Es importante comprender que la oración de Jesús no es
el grito de quien va al encuentro de la muerte con desesperación, y tampoco es
el grito de quien es consciente de haber sido abandonado. Jesús, en aquel
momento, hace suyo todo el Salmo 22, el Salmo del pueblo de Israel que sufre, y
de este modo toma sobre sí no sólo la pena de su pueblo, sino también la pena
de todos los hombres que sufren a causa de la opresión del mal; y, al mismo
tiempo, lleva todo esto al corazón de Dios mismo con la certeza de que su grito
será escuchado en la
Resurrección :
«El grito en el extremo tormento es al mismo tiempo
certeza de la respuesta divina, certeza de la salvación, no solamente para
Jesús mismo, sino para “muchos”» (Jesús
de Nazaret II, p. 251). En esta oración de Jesús se encierran la extrema
confianza y el abandono en las manos de Dios, incluso cuando parece ausente,
cuando parece que permanece en silencio, siguiendo un designio que para
nosotros es incomprensible. En el Catecismo de la Iglesia católica leemos: «En el amor redentor que le unía
siempre al Padre, Jesús nos asumió desde el alejamiento con relación a Dios por
nuestro pecado hasta el punto de poder decir en nuestro nombre en la cruz:
"Dios mío, Dios mío, ¿por qué me has abandonado?"» (n. 603). Su sufrimiento
es un sufrimiento en comunión con nosotros y por nosotros, que deriva del amor
y ya lleva en sí mismo la redención, la victoria del amor.

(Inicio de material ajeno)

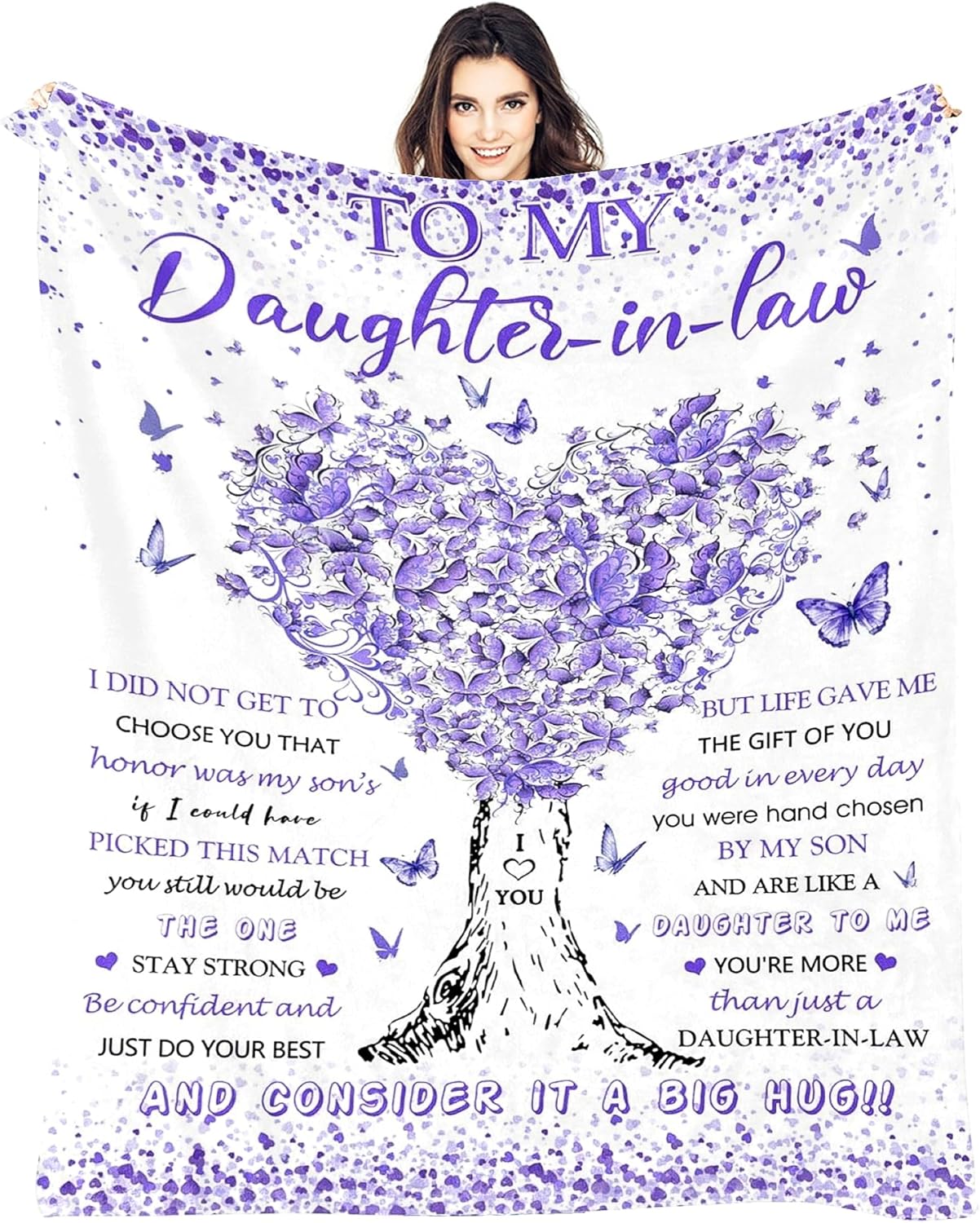 Daughter in Law Gifts from Mother in Law, Birthday Gifts for Daughter in Law, Unique Purple Women Throw Blanket Gift for Wedding Christmas, Super Soft Warm Blanket 60"X50" for Couch Bedroom Livingroom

Las personas presentes al pie de cruz de Jesús no
logran entender y piensan que su grito es una súplica dirigida a Elías. En una
escena agitada, buscan apagarle la sed para prolongarle la vida y verificar si
realmente Elías venía en su ayuda, pero un fuerte grito puso fin a la vida
terrena de Jesús y al deseo de los que estaban al pie de la cruz. En el momento
extremo, Jesús deja que su corazón exprese el dolor, pero deja emerger, al
mismo tiempo, el sentido de la presencia del Padre y el consenso a su designio
de salvación de la humanidad. También nosotros nos encontramos siempre y
nuevamente ante el «hoy» del sufrimiento, del silencio de Dios —lo expresamos
muchas veces en nuestra oración—, pero nos encontramos también ante el «hoy» de
la Resurrección ,
de la respuesta de Dios que tomó sobre sí nuestros sufrimientos, para cargarlos
juntamente con nosotros y darnos la firme esperanza de que serán vencidos (cf.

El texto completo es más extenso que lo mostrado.